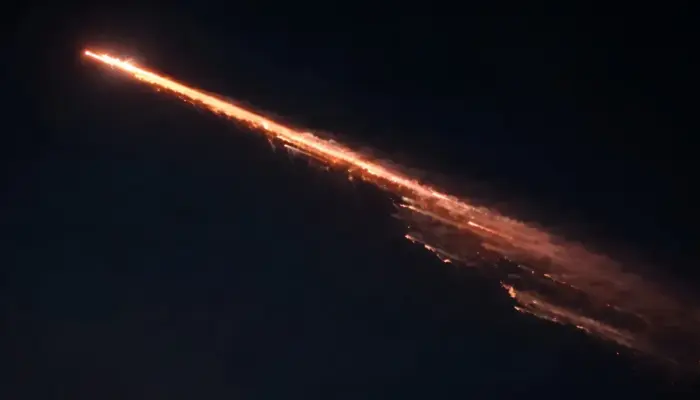 Cahaya Misterius di Langit Lampung Viral, Ini Penjelasan Ilmiah dari BRIN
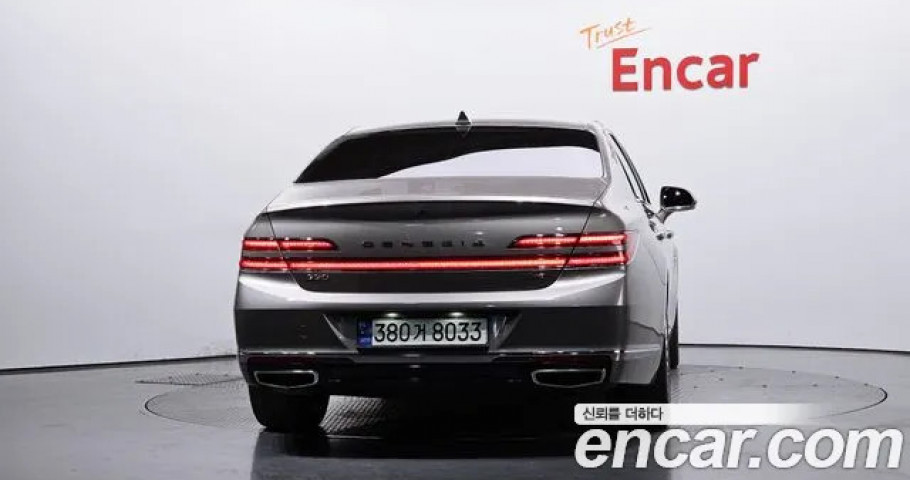 Genesis G90 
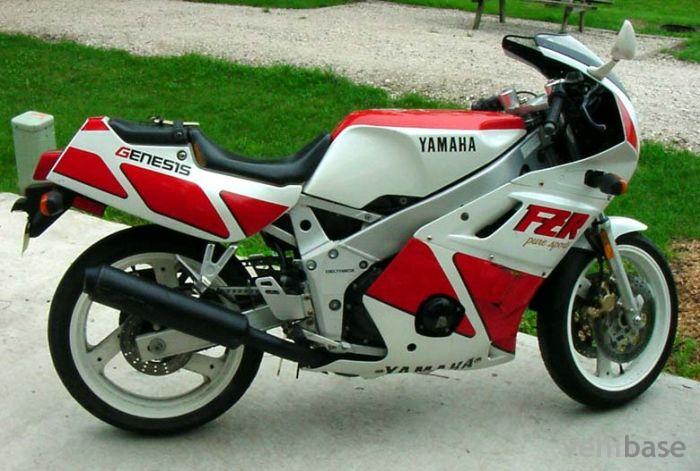 Yamaha FZR 400 Genesis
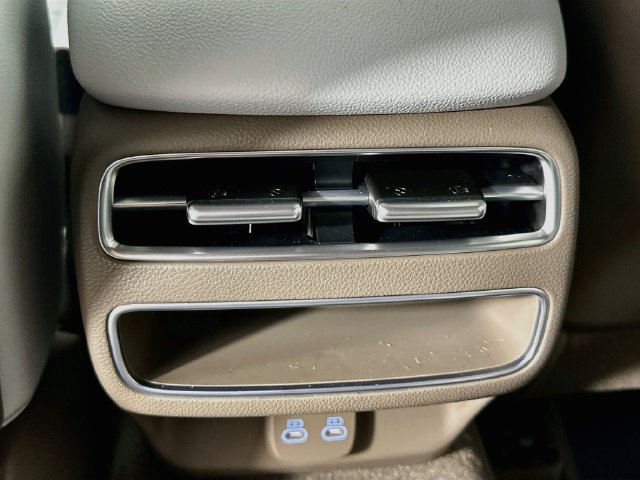 New 2027 Genesis GV70 2.5T Advanced AWD/4WD image 18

**Exercise directions**
Output the data exactly as it is, with the pictures dropped.

**Solution for this problem**
 Cahaya Misterius di Langit Lampung Viral, Ini Penjelasan Ilmiah dari BRIN
 Genesis G90 
 Yamaha FZR 400 Genesis
 New 2027 Genesis GV70 2.5T Advanced AWD/4WD image 18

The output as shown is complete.